I can’t stop thinking about Mrs. Nancy Eisen. She got to go home last week to Heaven leaving an asteroid size crater here on Earth. I’m jealous. She left years of pain and suffering for all the good stuff we should all be holding out for. She didn’t settle for…this. But even though she knew she wasn’t destined for… this and she didn’t belong…here she made here as close to Heaven as she could.
Although known throughout the community for an absolute servant’s heart, providing for any need she could for anybody she could, my heart still resonates for how she served her family, children, and grandchildren. At her memorial service her daughters spoke of family meals, costumes being sewn, their mom at every event yelling just for them, driving from activity to activity as if she was meant just for that.

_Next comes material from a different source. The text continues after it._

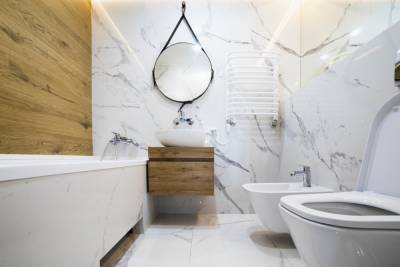 Как сэкономить на ремонте в ванной: 3 дорогих решения в интерьере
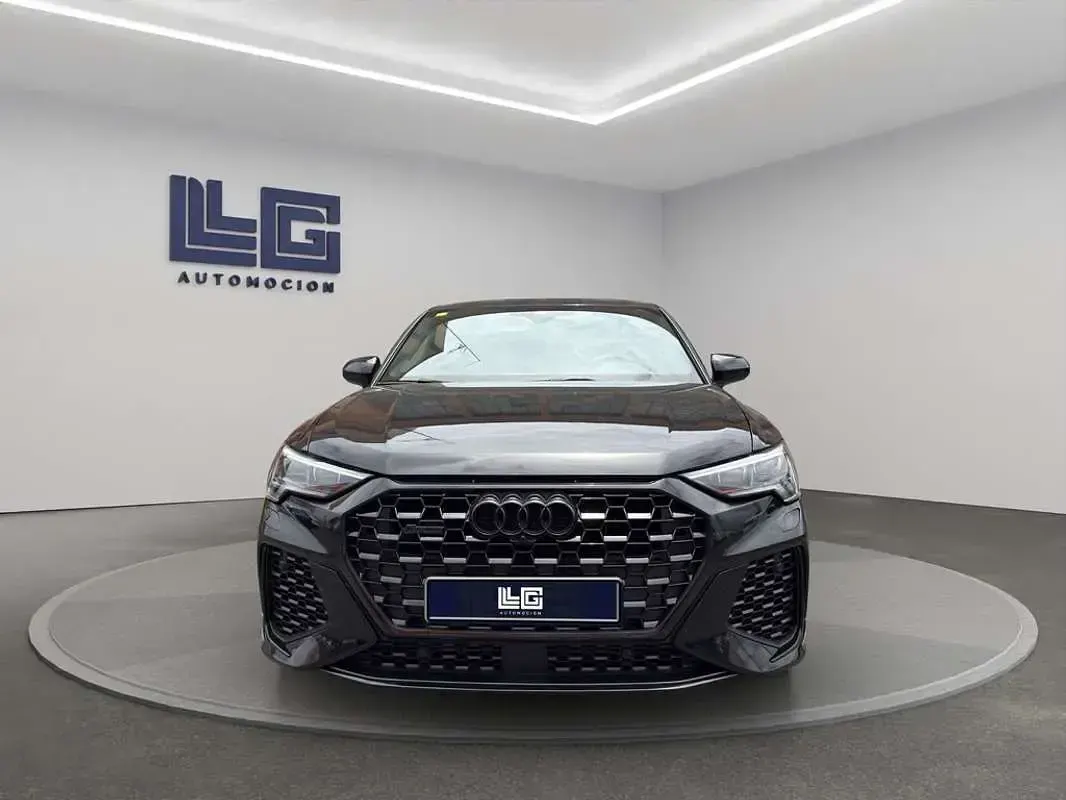 Usado Audi RS Q3 Sportback 400 CV (294 kW) 2021 Negro SUV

I wanted to be that kind of mom. But the truth of the matter is motherhood has not come easy for me. As one friend said “motherhood has been the most stressful and the most rewarding part of my life but it’s mostly stressful.” It’s kind of ironic that I claim parent education as my schtick because I’m not that great of a mom most days. I don’t think about making cookies for school or cute homemade photo Valentines. I make the assumption my kids are doing ok in school because school officials haven’t contacted me yet. We have more ‘fend for yourselves’ nights than planned sit down family dinners. I’m glad to see my kids after school or after a long day but I around 4:00 I kind of look up and ask myself “should someone be home around now? Did I forget to pick up someone from school?” Laundry consists of telling them to toss it in the dryer or I’ll run by Kohl’s on the way to school. I make most of their games, some of their performances, and a few parent conferences. I refuse to take part in fundraisers. I wash their sheets when they make mention of how gross they smell. I haven’t bought the youngest a winter coat yet. They schooch mounds of mail and paper off the couch after jumping over a few tons of spilled legos. They don’t even seem to notice the fruit flies.
I wanted to be the kind of mom that had kids in matching clothes, remembered school picture days, made dishes that they bragged about to their friends, wonderfully decorated kid bedrooms, at every event cheering them on, what every woman pictures as the perfect mom. But the truth of the matter is I’m anything but. I get up and occasionally make their lunches and warm up frozen pancakes in the microwave for them. I screech about frantically trying to find two socks that sort of match each morning while yelling at them for not getting their clothes ready the night before. I frequently text them saying “I’m late but on my way, stay under the light.”
As much as I want to be the beautiful, kind-hearted, nurturing soul of Nancy Eisen I just have to work with what I have. Maybe I’m not that great a mother because I lost mine so early in life. Or maybe I’m not that great a mother because I’m actually pretty lazy and selfish. For now, I hear my kids grumbling “what do we have to do to get a hot meal around here…” but I see them snuggle up to me for countless cuddles and kisses. When I do eventually get them to pick them up they come smiling and running and say nothing of condemnation but “hey mom, what have you been up to?” I hear them ask “what can we do together and what movie are we going to see next? and “mom can you pick up some more bagels and frozen waffles?”
As much as I screw up I have to believe I’m doing something right. If nothing else I married the right guy to go through life with these kids.
They are My Reasons. I may not do mothering the way you’re suppose to but I love all my children fiercely and will fight dirty for them.
Who is your model mother?
What part of parenting makes you feel guilty?
What’s your proudest moment as a parent?
One thought on “I may be a slightly different model of motherhood”
I love this. Every once in a while I have one of those “mom moments” where I feel like I did it really well. I hang onto those because they are few and far-between. But like you, the snuggles and kisses and “I love you”s make me realize I must not be doing too bad.